| Task prompt |
In the records below, find the line holding "Luces colgantes simples" and the line holding "Logitech Kit Teclado". Set down both, with every line between them, exactly.

| Provided data |
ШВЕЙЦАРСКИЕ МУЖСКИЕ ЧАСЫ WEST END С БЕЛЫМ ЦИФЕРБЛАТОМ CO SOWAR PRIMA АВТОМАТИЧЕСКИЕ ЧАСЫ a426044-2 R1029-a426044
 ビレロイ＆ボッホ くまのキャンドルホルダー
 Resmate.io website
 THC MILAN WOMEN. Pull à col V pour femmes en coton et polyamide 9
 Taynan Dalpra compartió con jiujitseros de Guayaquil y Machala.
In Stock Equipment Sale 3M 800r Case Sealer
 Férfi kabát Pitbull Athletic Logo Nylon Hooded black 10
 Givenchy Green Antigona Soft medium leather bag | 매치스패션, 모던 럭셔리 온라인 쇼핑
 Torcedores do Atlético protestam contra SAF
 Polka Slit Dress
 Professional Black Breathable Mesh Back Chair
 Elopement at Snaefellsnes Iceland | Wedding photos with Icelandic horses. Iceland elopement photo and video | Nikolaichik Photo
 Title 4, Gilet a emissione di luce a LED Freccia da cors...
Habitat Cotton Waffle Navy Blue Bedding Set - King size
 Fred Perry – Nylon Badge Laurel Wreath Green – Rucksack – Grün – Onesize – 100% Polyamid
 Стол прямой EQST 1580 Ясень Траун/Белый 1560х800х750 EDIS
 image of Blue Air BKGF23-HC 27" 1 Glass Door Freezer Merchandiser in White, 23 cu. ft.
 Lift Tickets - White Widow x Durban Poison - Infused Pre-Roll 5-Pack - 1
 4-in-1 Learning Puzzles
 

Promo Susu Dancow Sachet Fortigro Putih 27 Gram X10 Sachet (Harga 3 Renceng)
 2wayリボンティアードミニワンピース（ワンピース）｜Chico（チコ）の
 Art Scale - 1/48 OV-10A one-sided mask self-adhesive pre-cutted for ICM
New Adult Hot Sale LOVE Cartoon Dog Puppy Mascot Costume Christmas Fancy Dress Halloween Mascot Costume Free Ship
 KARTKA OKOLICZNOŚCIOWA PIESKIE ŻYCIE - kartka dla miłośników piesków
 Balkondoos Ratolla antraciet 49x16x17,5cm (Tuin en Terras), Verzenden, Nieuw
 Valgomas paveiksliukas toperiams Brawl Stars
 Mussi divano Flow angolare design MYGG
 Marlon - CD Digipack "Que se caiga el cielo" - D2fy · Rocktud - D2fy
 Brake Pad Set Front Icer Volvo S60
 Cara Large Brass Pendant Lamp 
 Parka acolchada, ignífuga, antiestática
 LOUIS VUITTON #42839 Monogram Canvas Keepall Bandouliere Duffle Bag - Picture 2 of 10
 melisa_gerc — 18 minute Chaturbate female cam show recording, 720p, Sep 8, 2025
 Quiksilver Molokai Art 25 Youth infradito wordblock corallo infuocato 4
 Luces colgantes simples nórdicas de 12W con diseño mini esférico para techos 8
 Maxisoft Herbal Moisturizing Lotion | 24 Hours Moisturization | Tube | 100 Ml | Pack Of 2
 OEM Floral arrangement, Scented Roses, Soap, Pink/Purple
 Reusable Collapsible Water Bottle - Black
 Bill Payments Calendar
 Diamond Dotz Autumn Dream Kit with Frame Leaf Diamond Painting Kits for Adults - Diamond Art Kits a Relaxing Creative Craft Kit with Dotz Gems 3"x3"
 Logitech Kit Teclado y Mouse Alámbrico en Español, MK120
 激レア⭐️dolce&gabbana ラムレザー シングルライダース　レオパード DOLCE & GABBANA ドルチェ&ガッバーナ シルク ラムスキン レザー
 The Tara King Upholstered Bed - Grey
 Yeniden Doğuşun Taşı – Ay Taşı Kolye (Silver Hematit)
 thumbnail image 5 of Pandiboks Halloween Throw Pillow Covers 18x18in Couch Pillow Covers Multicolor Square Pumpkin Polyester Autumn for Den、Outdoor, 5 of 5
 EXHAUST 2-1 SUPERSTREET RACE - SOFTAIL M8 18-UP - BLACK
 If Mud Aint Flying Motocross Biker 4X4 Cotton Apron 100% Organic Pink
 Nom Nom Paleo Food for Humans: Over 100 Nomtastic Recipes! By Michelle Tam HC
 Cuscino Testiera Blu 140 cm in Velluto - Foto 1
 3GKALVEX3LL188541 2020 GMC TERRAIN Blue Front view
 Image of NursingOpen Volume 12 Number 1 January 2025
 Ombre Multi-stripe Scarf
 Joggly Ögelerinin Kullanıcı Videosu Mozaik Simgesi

| Output |
 Luces colgantes simples nórdicas de 12W con diseño mini esférico para techos 8
 Maxisoft Herbal Moisturizing Lotion | 24 Hours Moisturization | Tube | 100 Ml | Pack Of 2
 OEM Floral arrangement, Scented Roses, Soap, Pink/Purple
 Reusable Collapsible Water Bottle - Black
 Bill Payments Calendar
 Diamond Dotz Autumn Dream Kit with Frame Leaf Diamond Painting Kits for Adults - Diamond Art Kits a Relaxing Creative Craft Kit with Dotz Gems 3"x3"
 Logitech Kit Teclado y Mouse Alámbrico en Español, MK120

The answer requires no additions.